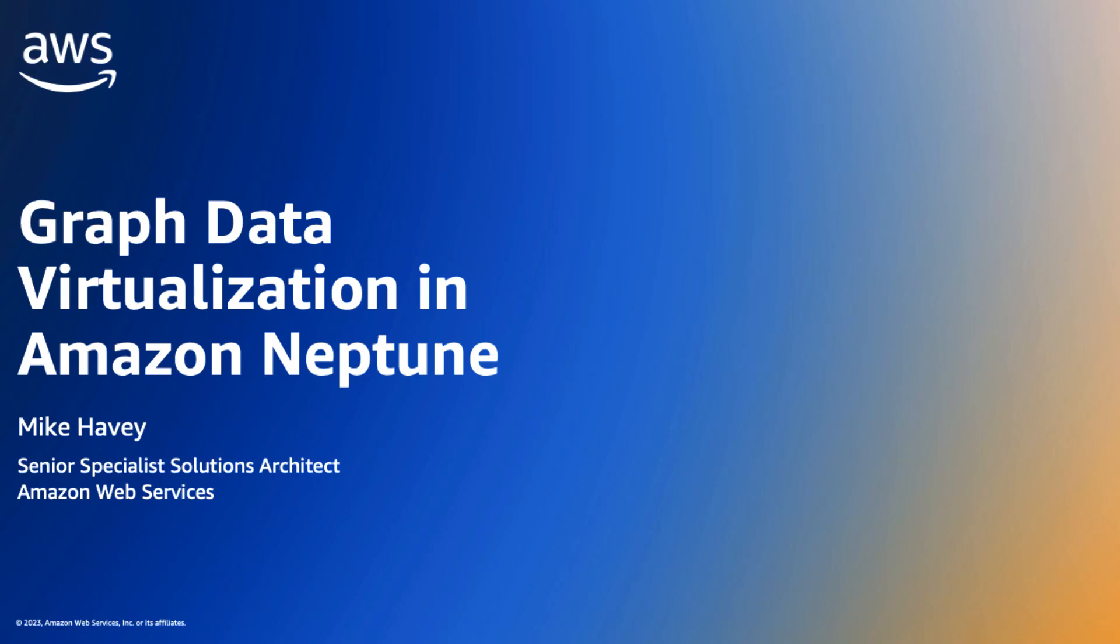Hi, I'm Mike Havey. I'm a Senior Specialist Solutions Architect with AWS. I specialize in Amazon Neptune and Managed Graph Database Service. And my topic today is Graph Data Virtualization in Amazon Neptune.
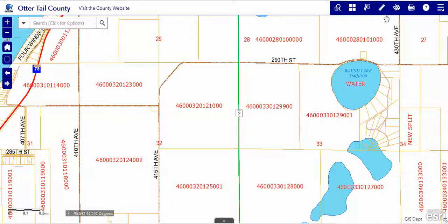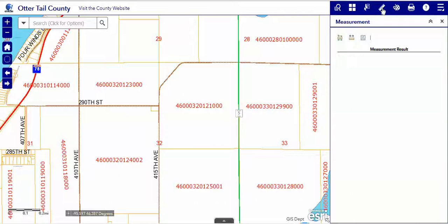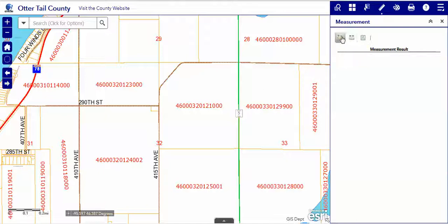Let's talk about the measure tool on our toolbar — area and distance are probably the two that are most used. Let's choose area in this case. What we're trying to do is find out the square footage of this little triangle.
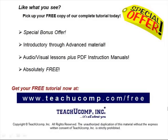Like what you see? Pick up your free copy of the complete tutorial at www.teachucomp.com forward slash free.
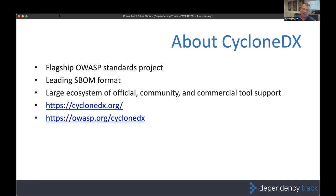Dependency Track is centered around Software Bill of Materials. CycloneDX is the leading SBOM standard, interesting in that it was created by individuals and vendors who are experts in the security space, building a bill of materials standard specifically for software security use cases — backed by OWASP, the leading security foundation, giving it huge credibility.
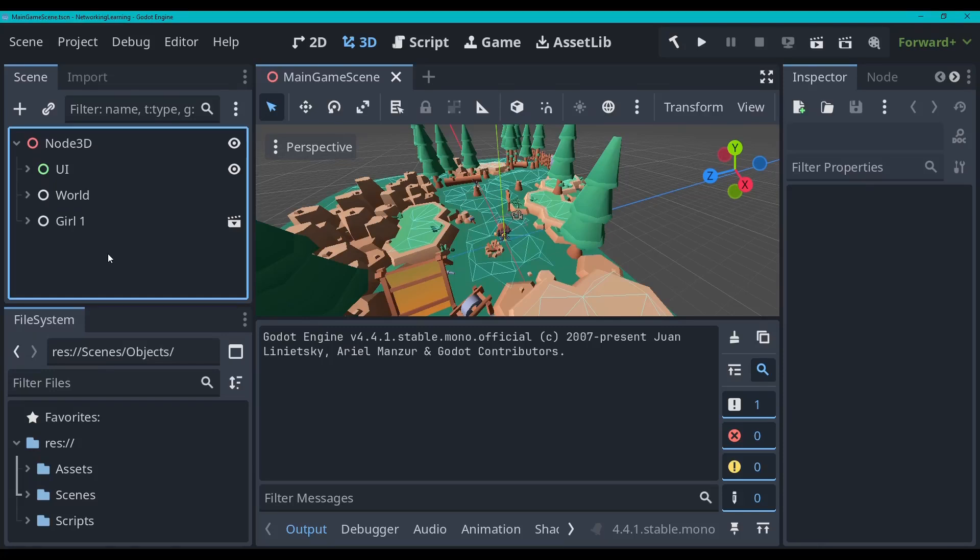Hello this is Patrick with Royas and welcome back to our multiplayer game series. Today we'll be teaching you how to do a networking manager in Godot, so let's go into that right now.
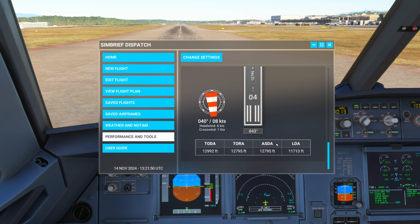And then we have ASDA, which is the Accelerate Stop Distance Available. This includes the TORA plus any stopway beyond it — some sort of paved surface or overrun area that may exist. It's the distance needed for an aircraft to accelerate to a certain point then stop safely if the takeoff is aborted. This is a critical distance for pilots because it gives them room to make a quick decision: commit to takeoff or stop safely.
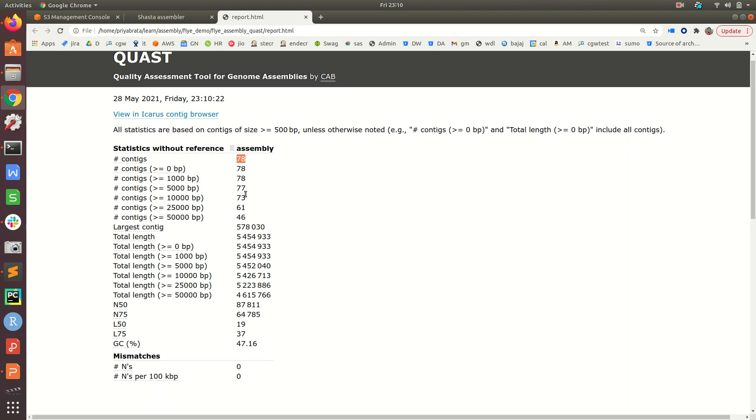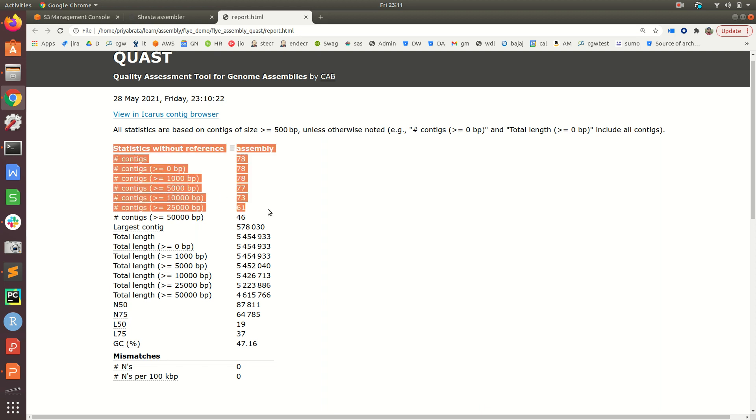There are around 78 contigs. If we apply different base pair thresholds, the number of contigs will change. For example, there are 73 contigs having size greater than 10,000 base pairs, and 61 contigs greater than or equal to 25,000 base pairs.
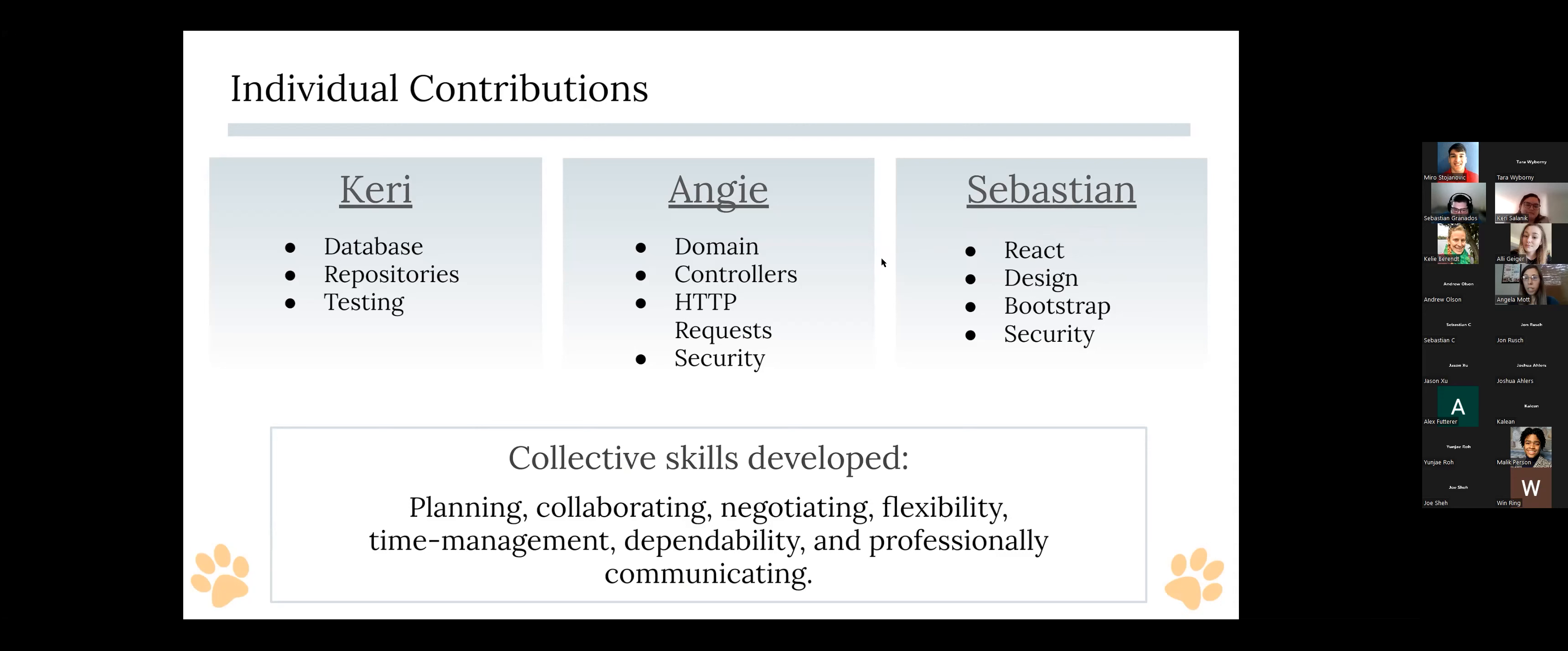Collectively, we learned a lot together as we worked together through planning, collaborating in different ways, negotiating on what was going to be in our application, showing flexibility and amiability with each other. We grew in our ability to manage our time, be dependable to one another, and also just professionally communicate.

==

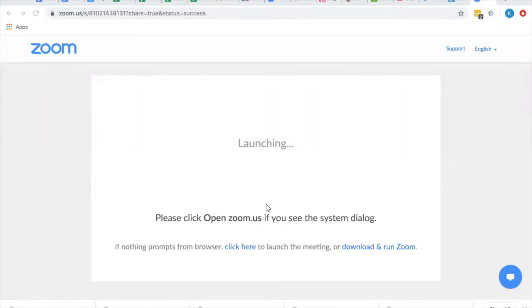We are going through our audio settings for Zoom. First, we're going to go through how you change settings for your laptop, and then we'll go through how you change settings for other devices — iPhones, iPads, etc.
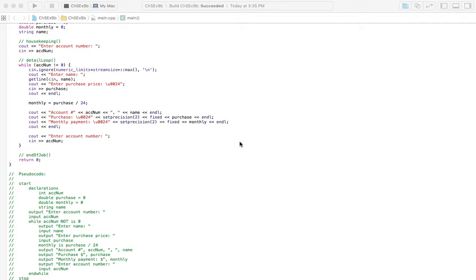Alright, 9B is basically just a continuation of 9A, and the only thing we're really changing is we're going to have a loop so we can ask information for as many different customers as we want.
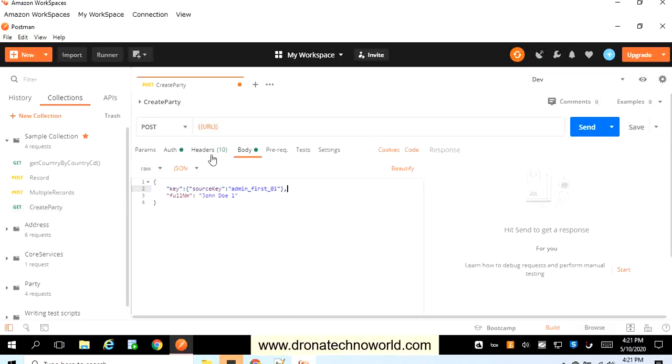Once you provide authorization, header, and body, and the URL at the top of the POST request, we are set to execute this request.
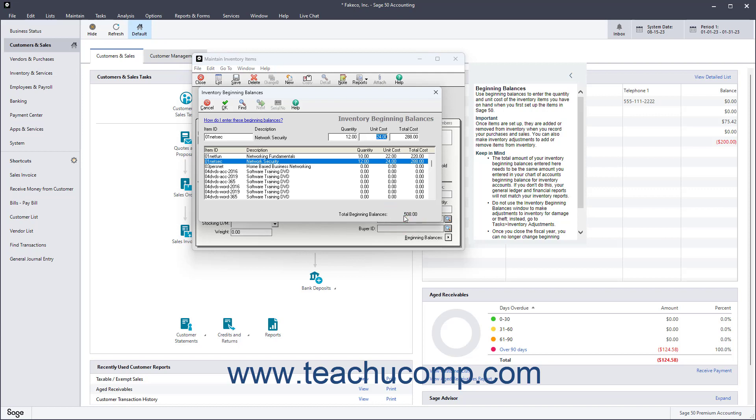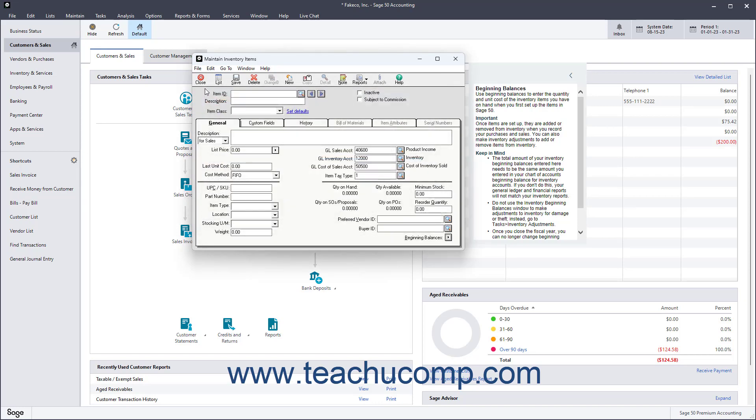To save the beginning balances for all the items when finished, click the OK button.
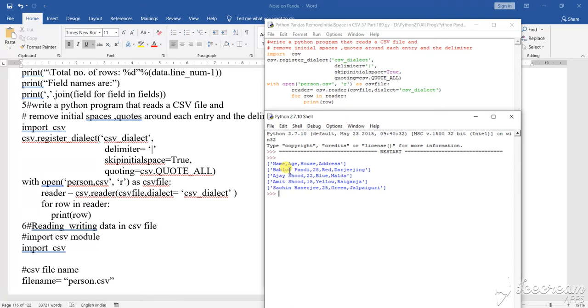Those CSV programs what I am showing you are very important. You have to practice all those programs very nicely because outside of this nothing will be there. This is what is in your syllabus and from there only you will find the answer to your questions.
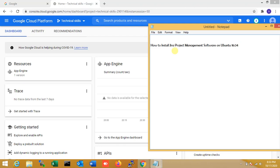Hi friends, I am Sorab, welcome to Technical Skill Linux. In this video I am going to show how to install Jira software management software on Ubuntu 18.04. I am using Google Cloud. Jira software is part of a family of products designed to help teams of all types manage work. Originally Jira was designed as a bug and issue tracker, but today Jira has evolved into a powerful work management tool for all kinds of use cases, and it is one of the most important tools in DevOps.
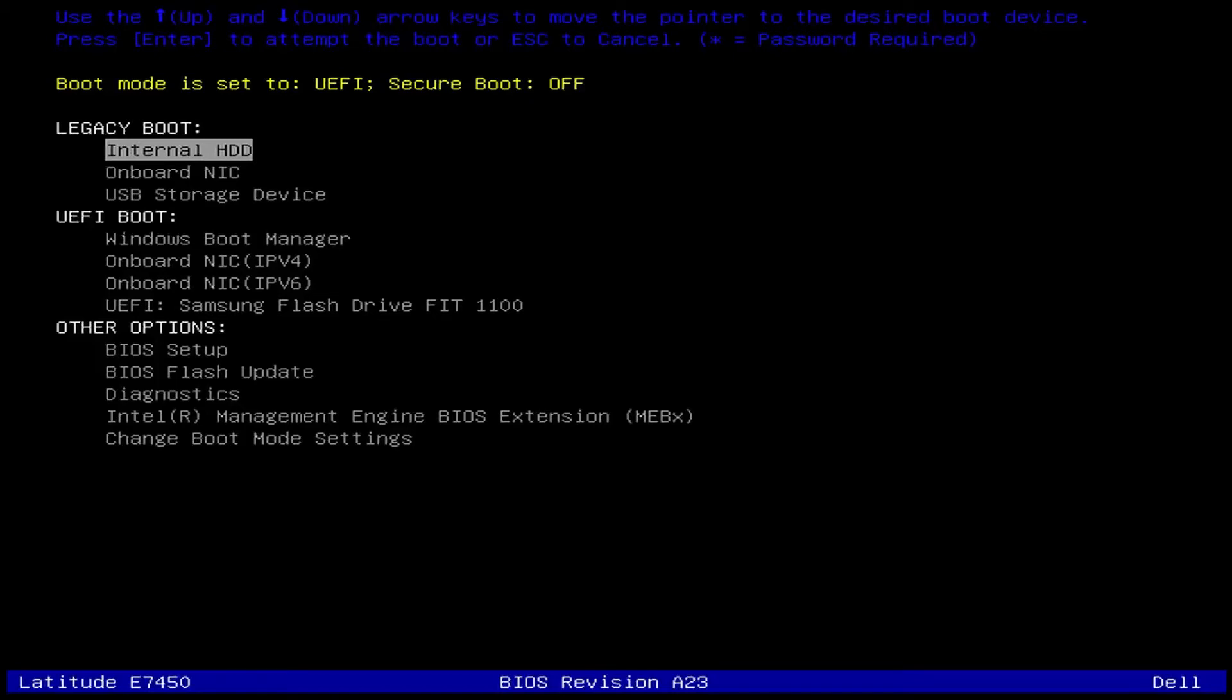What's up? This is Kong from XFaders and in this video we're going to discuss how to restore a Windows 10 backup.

==

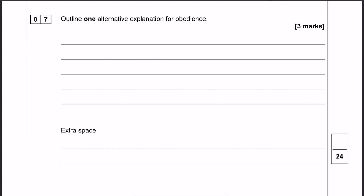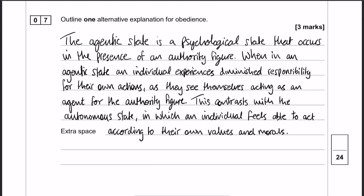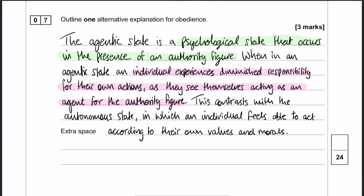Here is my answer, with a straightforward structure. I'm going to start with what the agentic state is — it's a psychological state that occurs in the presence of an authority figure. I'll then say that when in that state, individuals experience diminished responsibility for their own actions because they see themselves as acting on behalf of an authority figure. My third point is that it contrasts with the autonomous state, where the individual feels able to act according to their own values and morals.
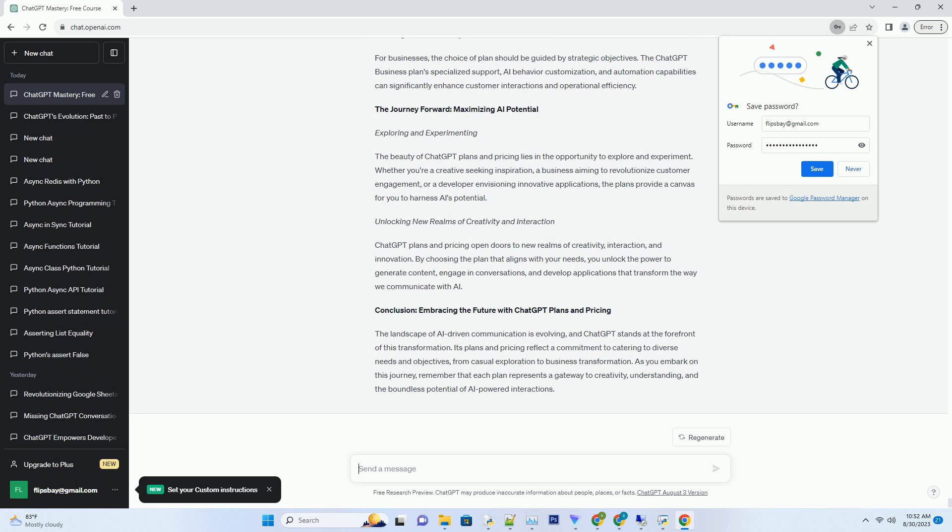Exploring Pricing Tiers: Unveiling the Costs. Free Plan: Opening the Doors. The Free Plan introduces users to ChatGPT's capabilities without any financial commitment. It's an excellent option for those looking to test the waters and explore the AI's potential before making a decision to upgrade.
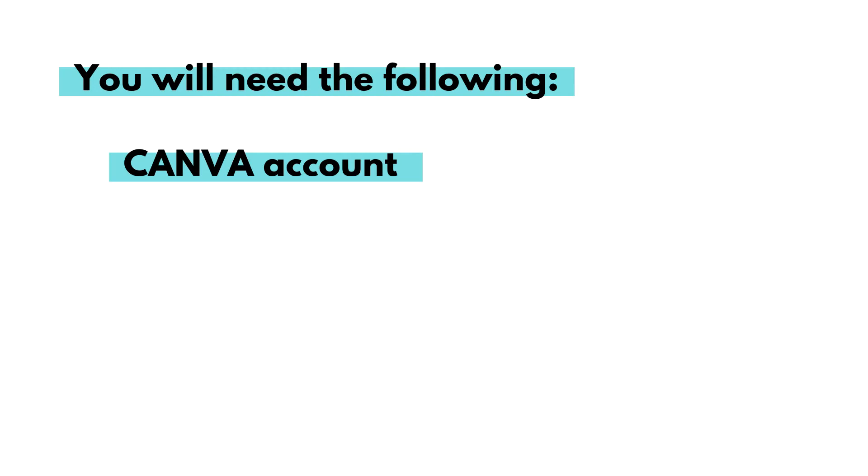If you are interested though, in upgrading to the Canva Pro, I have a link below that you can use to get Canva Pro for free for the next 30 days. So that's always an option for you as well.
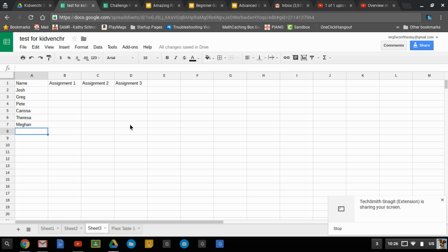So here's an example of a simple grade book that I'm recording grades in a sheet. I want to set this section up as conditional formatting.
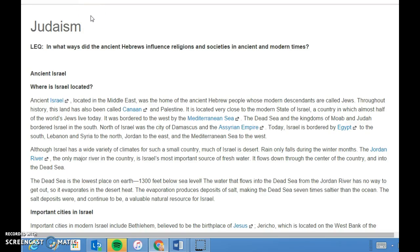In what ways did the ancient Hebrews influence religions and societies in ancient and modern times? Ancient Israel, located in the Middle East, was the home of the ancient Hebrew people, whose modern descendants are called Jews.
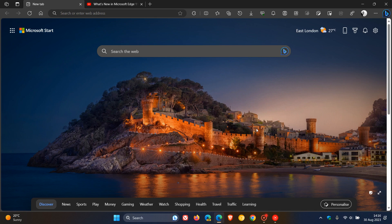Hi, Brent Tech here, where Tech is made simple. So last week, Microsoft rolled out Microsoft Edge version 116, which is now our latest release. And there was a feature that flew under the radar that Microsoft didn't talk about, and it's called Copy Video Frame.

Work item :: Copy exactly the part of the material above that opens with the line containing "Hi, I'm Mike" and closes with the line containing "Like what you", ends included. Drop the images.

Problem solution ::
Hi, I'm Mike Havey. I'm a Senior Specialist Solutions Architect with AWS. I specialize in Amazon Neptune and Managed Graph Database Service. And my topic today is Graph Data Virtualization in Amazon Neptune.
Let's talk about the measure tool on our toolbar — area and distance are probably the two that are most used. Let's choose area in this case. What we're trying to do is find out the square footage of this little triangle.
Like what you see? Pick up your free copy of the complete tutorial at www.teachucomp.com forward slash free.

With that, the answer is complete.